# About this task:
Pictures stay out of the copy. Transcribe exactly the lines from the line with "Magnifique Loft 35m2" through the final line of the records.

[Provided records Boundary: Start]

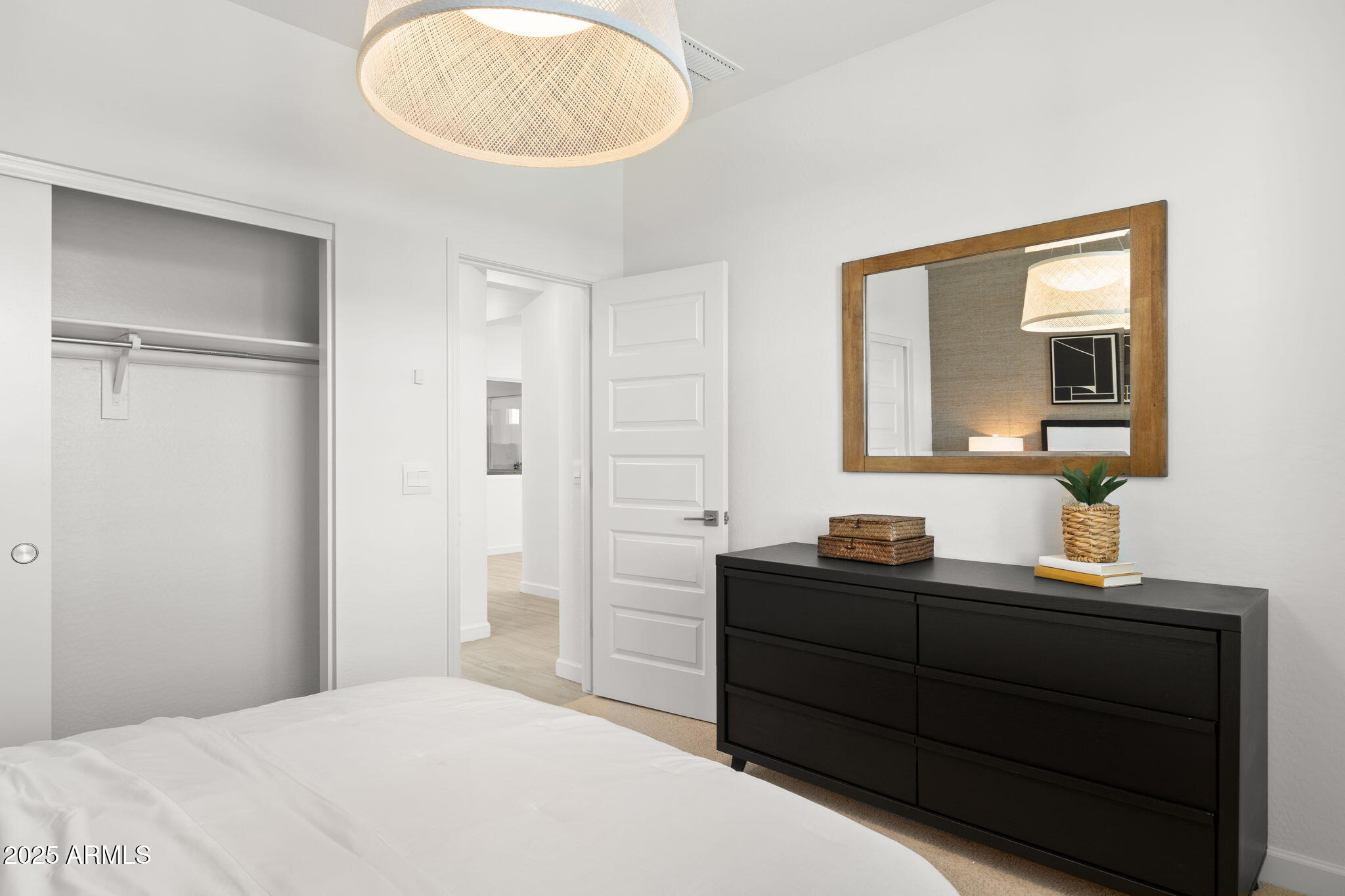 6952 W BUCKHORN Trail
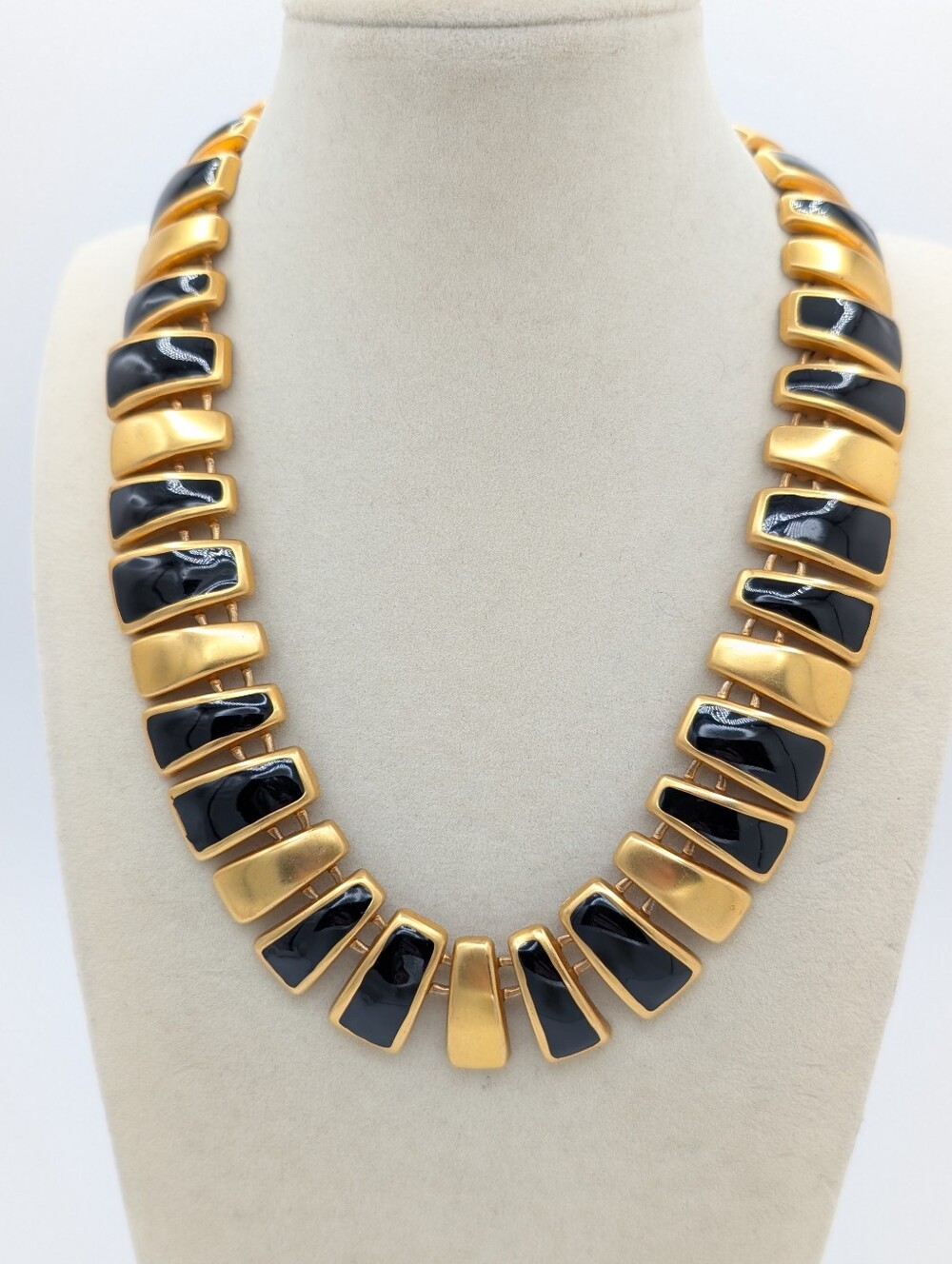 Vintage Black Enamel and Gold Tone Statement Necklace 18"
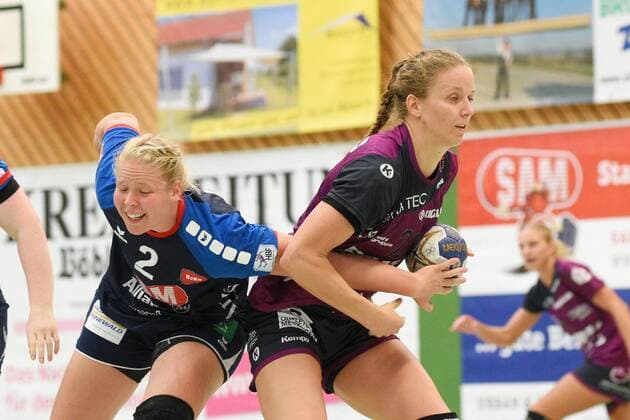 Cara Hartstock TusSies Metzingen 23 vs. Stefanie Schoeneberg SG H2Ku Herrenberg Kuties 2 TusSies Metzingen, Handball, HBF, Preparation, 23 08 2019, Photo TBaur Eibner SG H2Ku Herrenberg Kuties vs. TusSies Metzingen Herrenberg Copyright: xEIBNER TobiasxBaurx EP_TBR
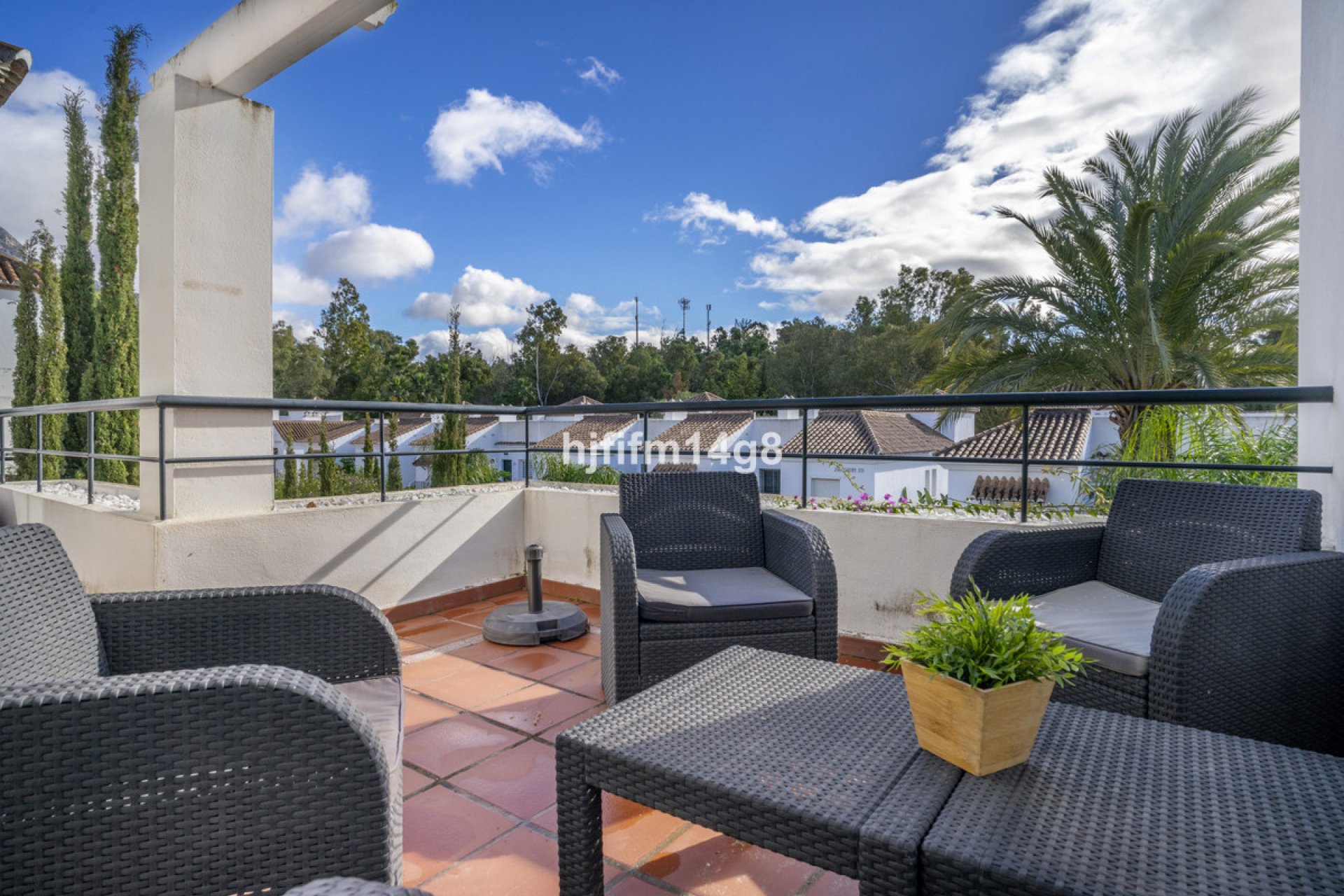 Resale - Apartment - Middle Floor Apartment - Marbella - Nueva Andalucia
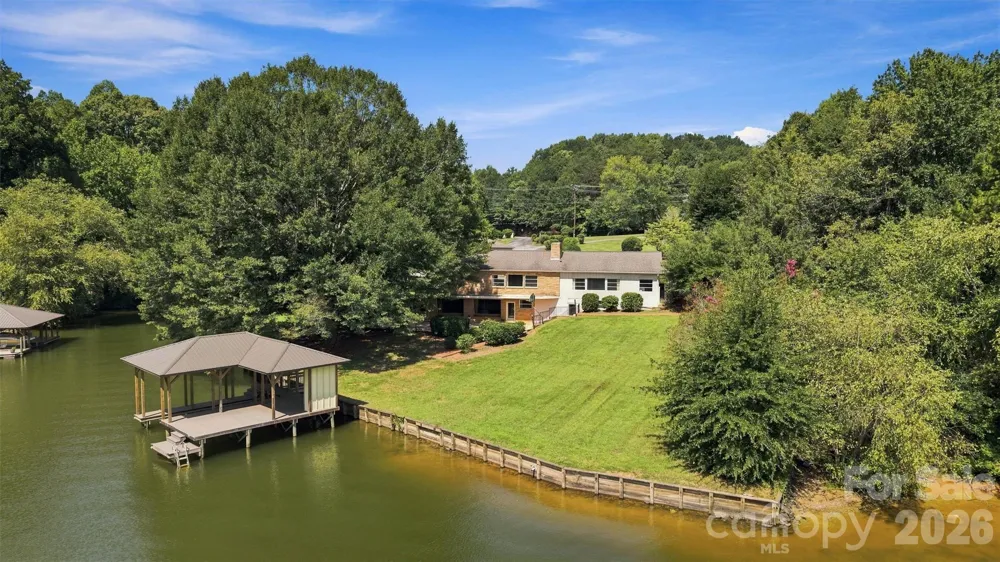 4830 Center Street Hickory, NC 28601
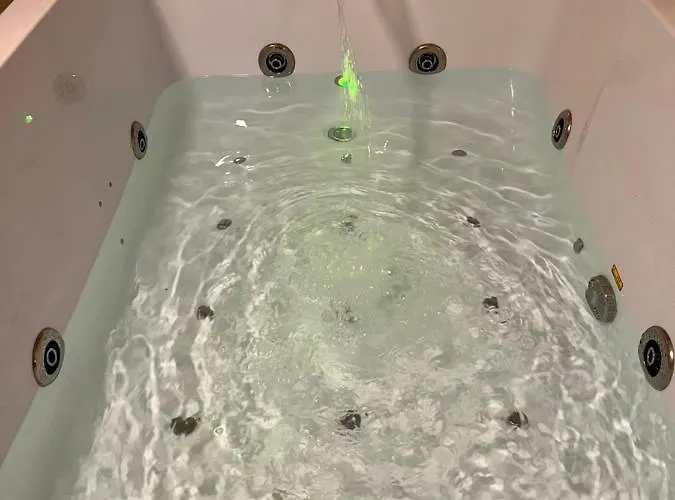 Magnifique Loft 35m2 Jacuzzi Rvb Night 1 Etablissement Ferme Definitivement Hotel miłości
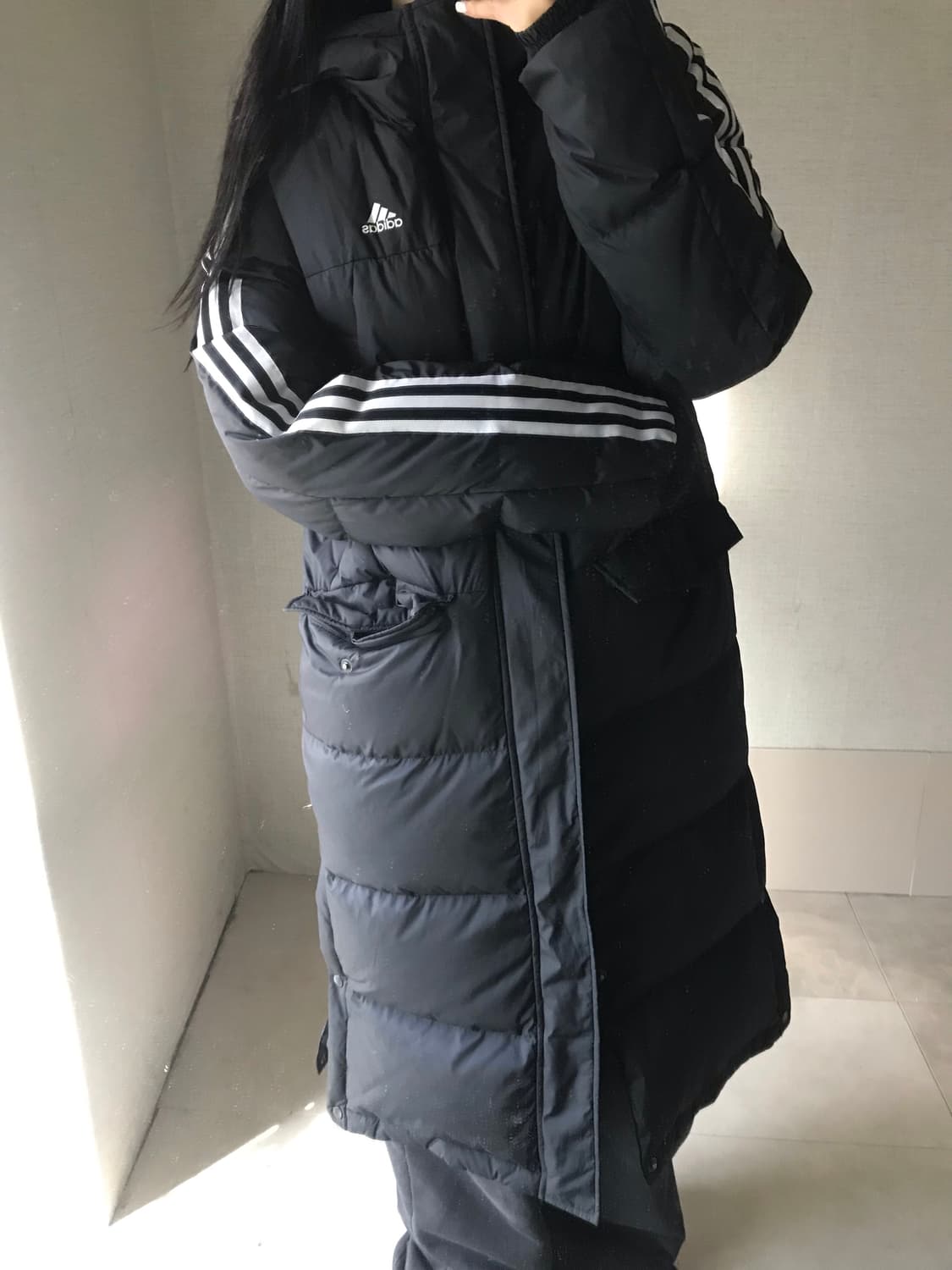 아디다스 검흰 롱패딩 상품이미지5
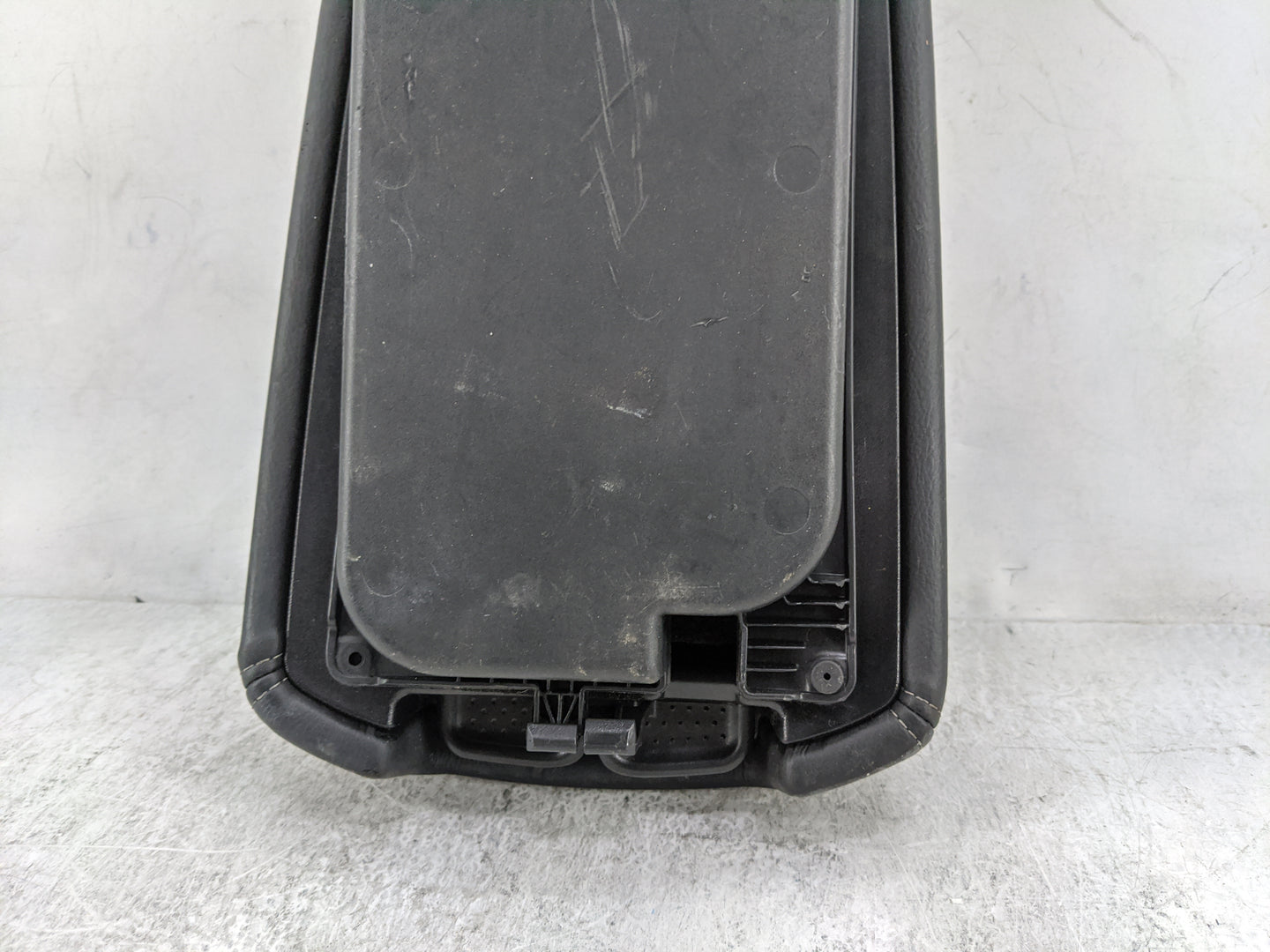 2016 Nissan Altima Center Console Armrest Cover Lid P/N:96920_9HS3A Fits OEM Used Auto Parts - Oemusedautoparts1.com
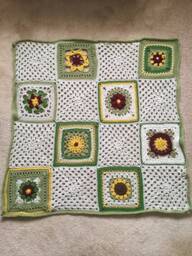 Beautiful Green Flower Garden Granny Square Blanket Throw - thumbnail 2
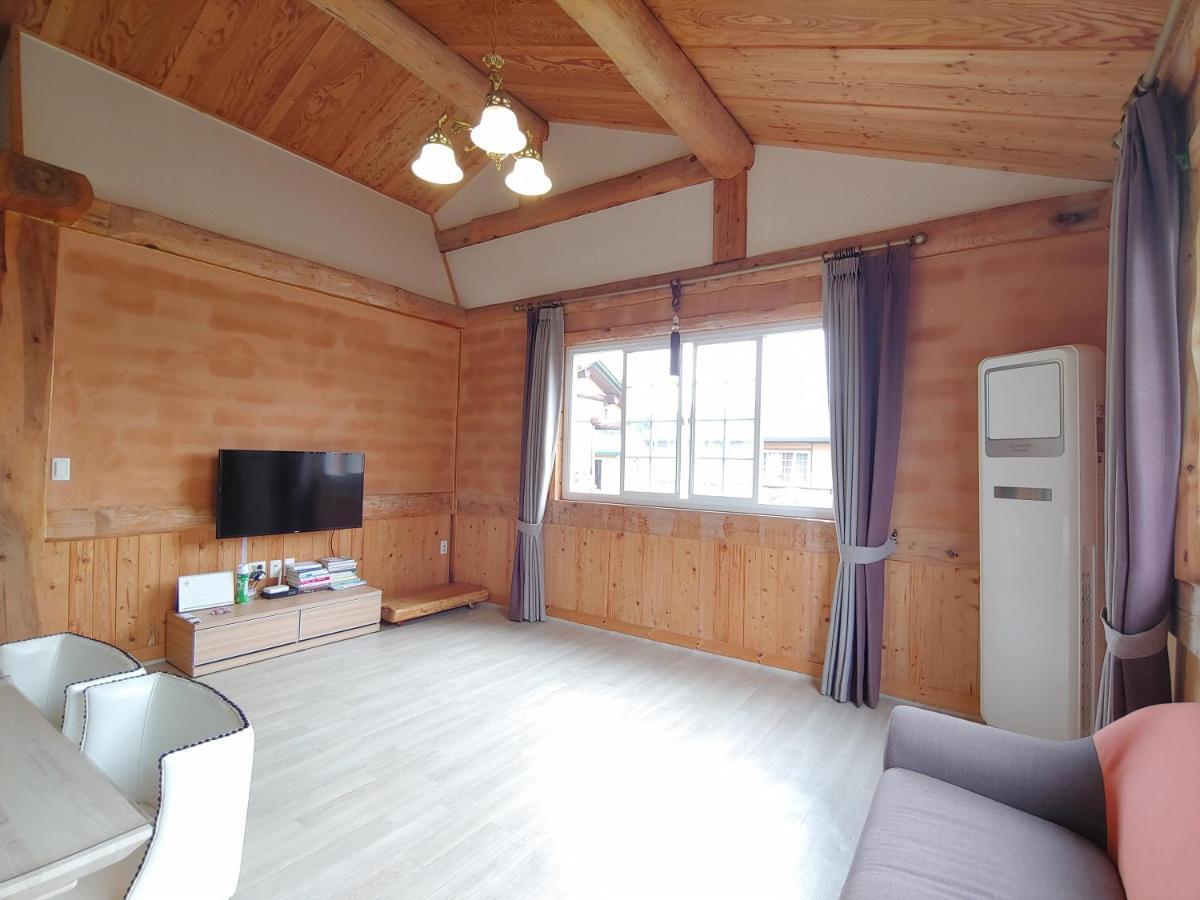Geumok Log Pension Seogwipo Exterior foto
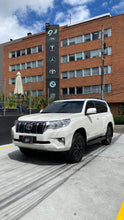 Cargar imagen en el visor de la galería, Toyota Prado TXL Modelo 2021
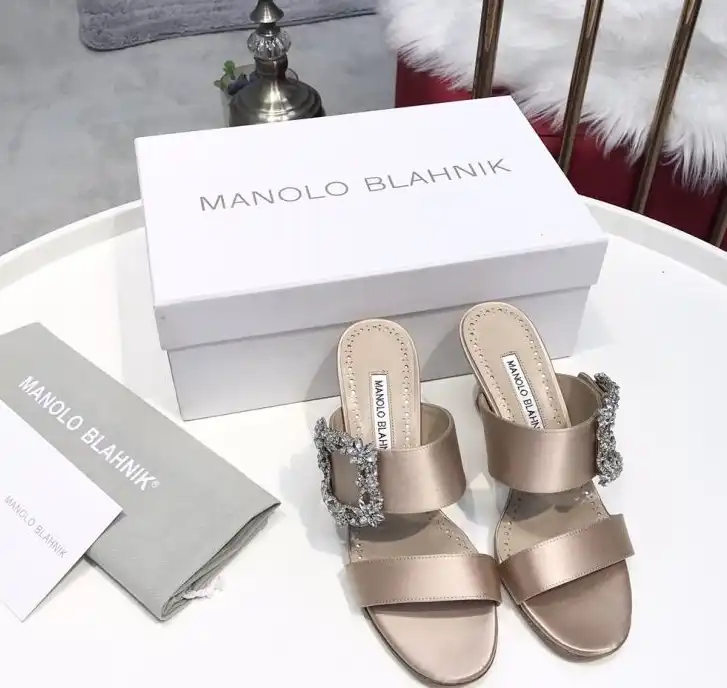 hype Manolo Blahnik High Heels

[Provided records Boundary: End]

# Task answer:
 Magnifique Loft 35m2 Jacuzzi Rvb Night 1 Etablissement Ferme Definitivement Hotel miłości
 아디다스 검흰 롱패딩 상품이미지5
 2016 Nissan Altima Center Console Armrest Cover Lid P/N:96920_9HS3A Fits OEM Used Auto Parts - Oemusedautoparts1.com
 Beautiful Green Flower Garden Granny Square Blanket Throw - thumbnail 2
Geumok Log Pension Seogwipo Exterior foto
 Cargar imagen en el visor de la galería, Toyota Prado TXL Modelo 2021
 hype Manolo Blahnik High Heels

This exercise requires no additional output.